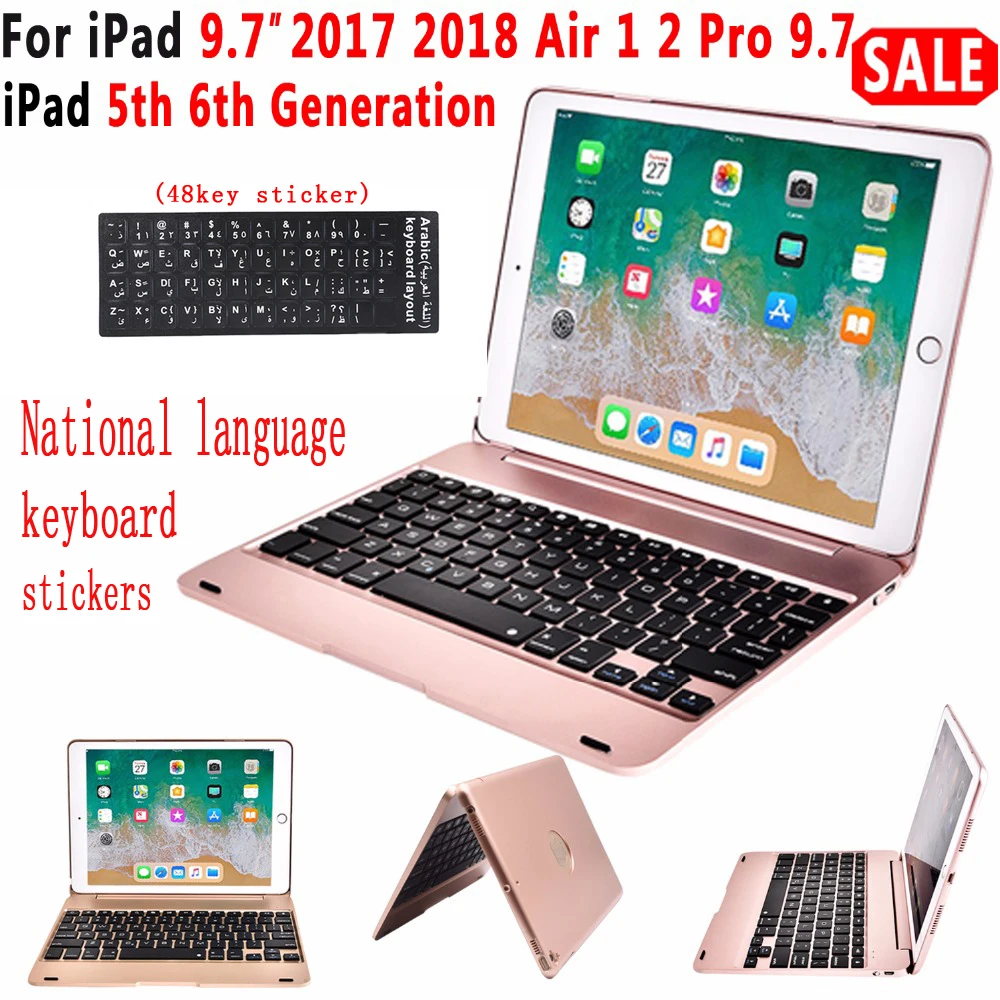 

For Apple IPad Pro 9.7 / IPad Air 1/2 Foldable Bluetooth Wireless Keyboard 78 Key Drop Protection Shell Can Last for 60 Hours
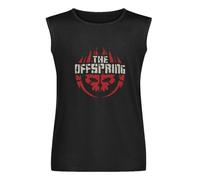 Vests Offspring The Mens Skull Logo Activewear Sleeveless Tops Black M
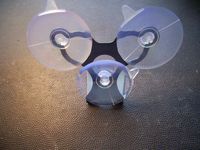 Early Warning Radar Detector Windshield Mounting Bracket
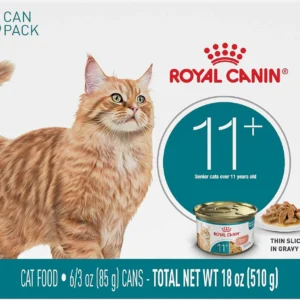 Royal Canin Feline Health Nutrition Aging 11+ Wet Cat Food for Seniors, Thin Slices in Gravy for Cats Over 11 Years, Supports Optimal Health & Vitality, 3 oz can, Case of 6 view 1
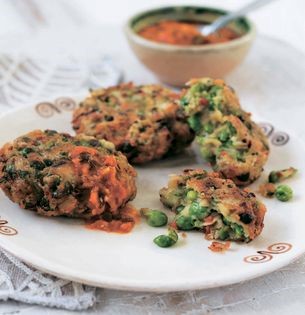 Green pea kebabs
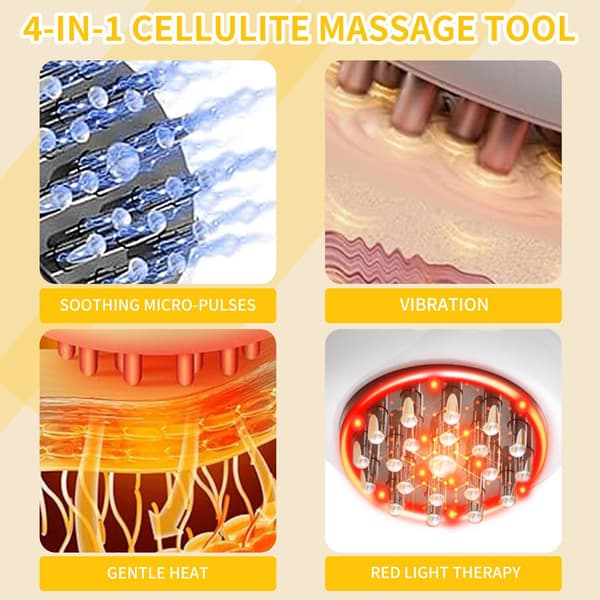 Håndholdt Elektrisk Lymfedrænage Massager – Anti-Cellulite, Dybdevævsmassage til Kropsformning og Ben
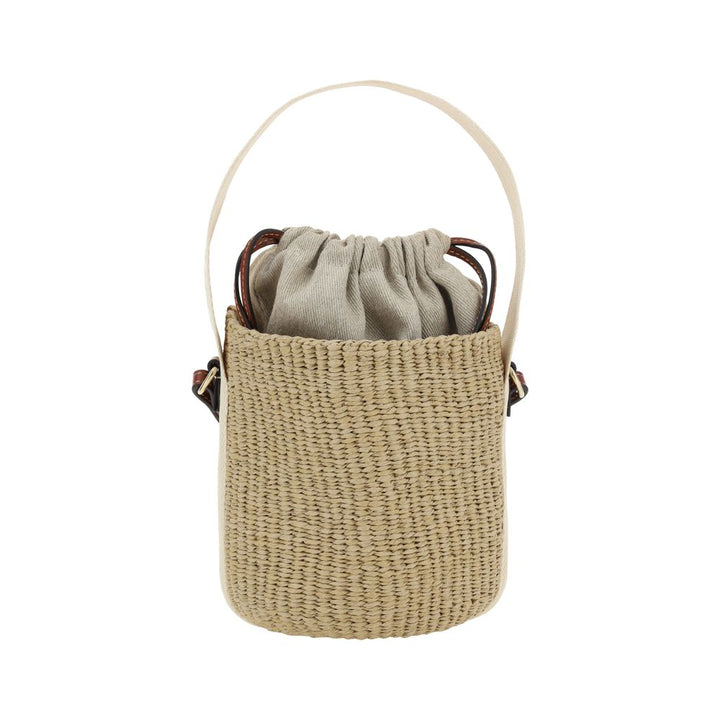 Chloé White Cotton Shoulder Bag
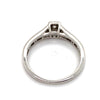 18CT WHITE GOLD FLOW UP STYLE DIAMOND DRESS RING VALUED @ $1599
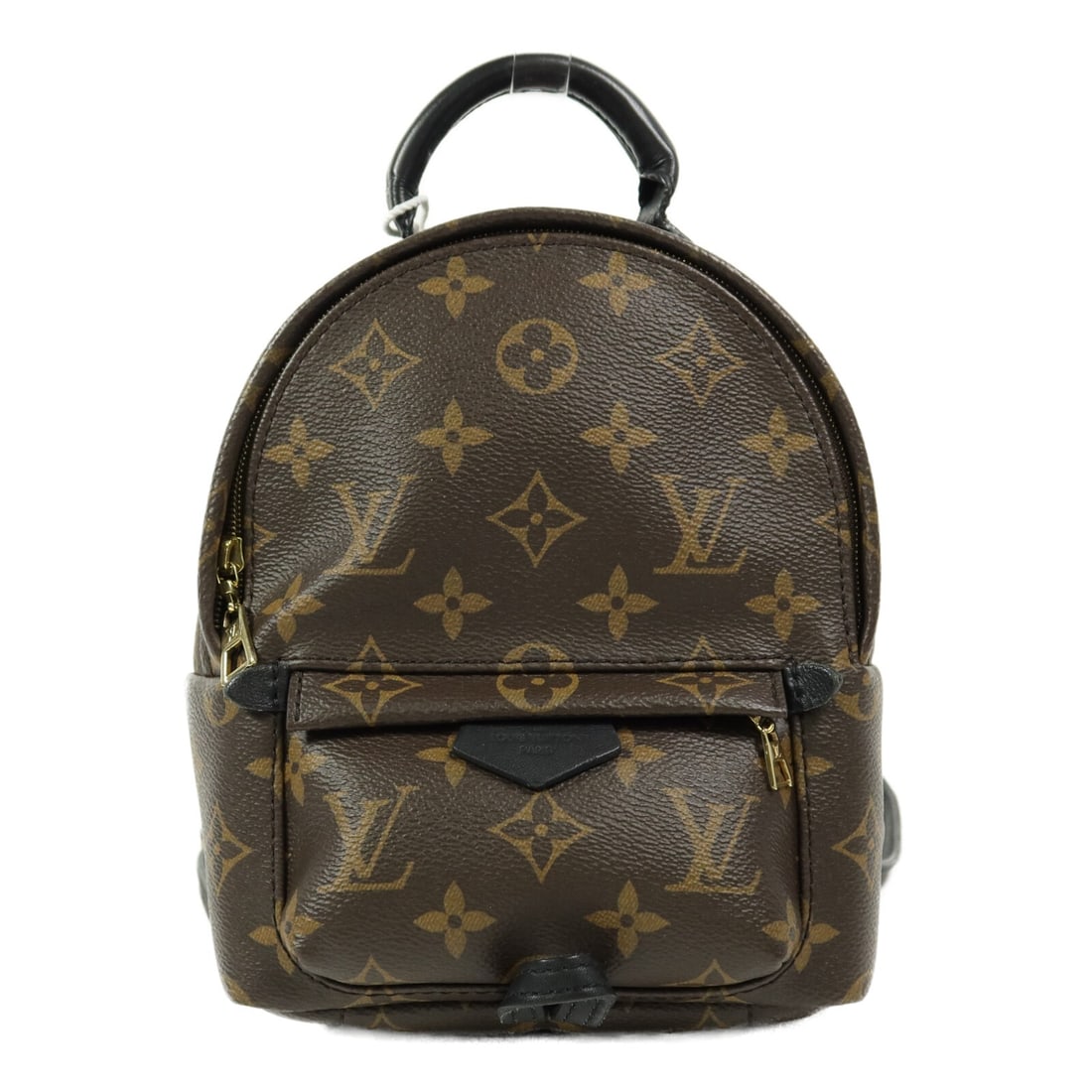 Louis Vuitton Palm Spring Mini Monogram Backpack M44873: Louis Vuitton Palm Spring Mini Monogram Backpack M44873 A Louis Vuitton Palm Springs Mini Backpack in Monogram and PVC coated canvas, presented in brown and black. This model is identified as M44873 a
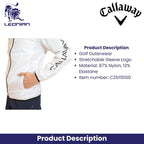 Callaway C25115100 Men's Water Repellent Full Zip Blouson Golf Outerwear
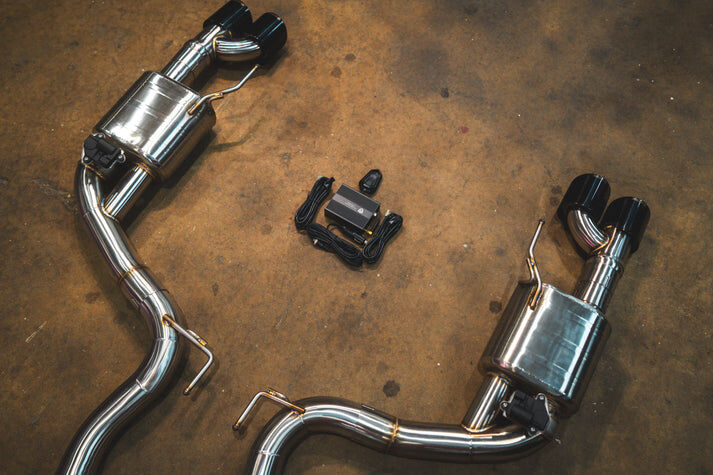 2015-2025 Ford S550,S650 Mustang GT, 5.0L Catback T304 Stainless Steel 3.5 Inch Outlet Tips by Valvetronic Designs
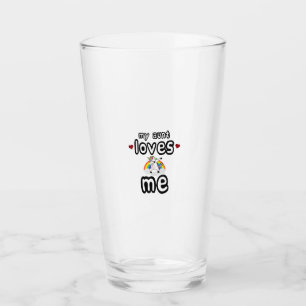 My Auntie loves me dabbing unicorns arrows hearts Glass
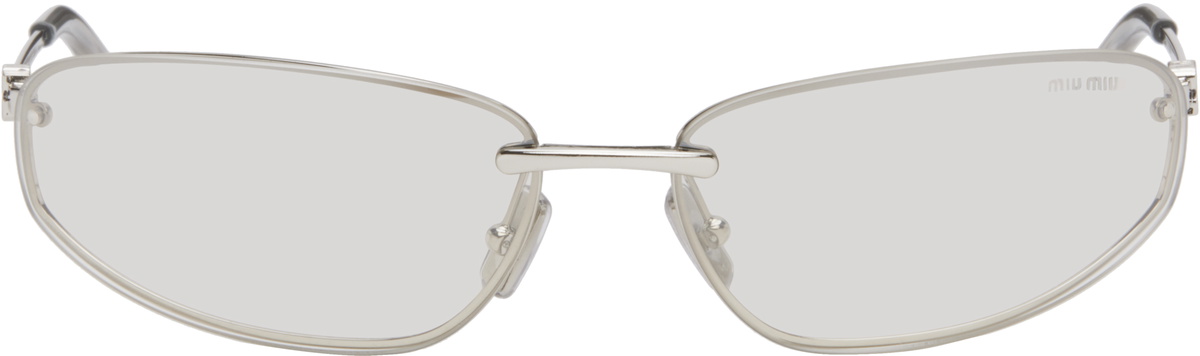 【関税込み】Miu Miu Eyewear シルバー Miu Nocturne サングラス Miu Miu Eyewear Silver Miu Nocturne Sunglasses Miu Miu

━━━━━━━━━━

| WORK TASK |
Return each record as written, minus its images.

| SOLUTION TO THIS PROBLEM |
For Apple IPad Pro 9.7 / IPad Air 1/2 Foldable Bluetooth Wireless Keyboard 78 Key Drop Protection Shell Can Last for 60 Hours
 Vests Offspring The Mens Skull Logo Activewear Sleeveless Tops Black M
 Early Warning Radar Detector Windshield Mounting Bracket
 Royal Canin Feline Health Nutrition Aging 11+ Wet Cat Food for Seniors, Thin Slices in Gravy for Cats Over 11 Years, Supports Optimal Health & Vitality, 3 oz can, Case of 6 view 1
 Green pea kebabs
 Håndholdt Elektrisk Lymfedrænage Massager – Anti-Cellulite, Dybdevævsmassage til Kropsformning og Ben
 Chloé White Cotton Shoulder Bag
 18CT WHITE GOLD FLOW UP STYLE DIAMOND DRESS RING VALUED @ $1599
 Louis Vuitton Palm Spring Mini Monogram Backpack M44873: Louis Vuitton Palm Spring Mini Monogram Backpack M44873 A Louis Vuitton Palm Springs Mini Backpack in Monogram and PVC coated canvas, presented in brown and black. This model is identified as M44873 a
 Callaway C25115100 Men's Water Repellent Full Zip Blouson Golf Outerwear
 2015-2025 Ford S550,S650 Mustang GT, 5.0L Catback T304 Stainless Steel 3.5 Inch Outlet Tips by Valvetronic Designs
 My Auntie loves me dabbing unicorns arrows hearts Glass
 【関税込み】Miu Miu Eyewear シルバー Miu Nocturne サングラス Miu Miu Eyewear Silver Miu Nocturne Sunglasses Miu Miu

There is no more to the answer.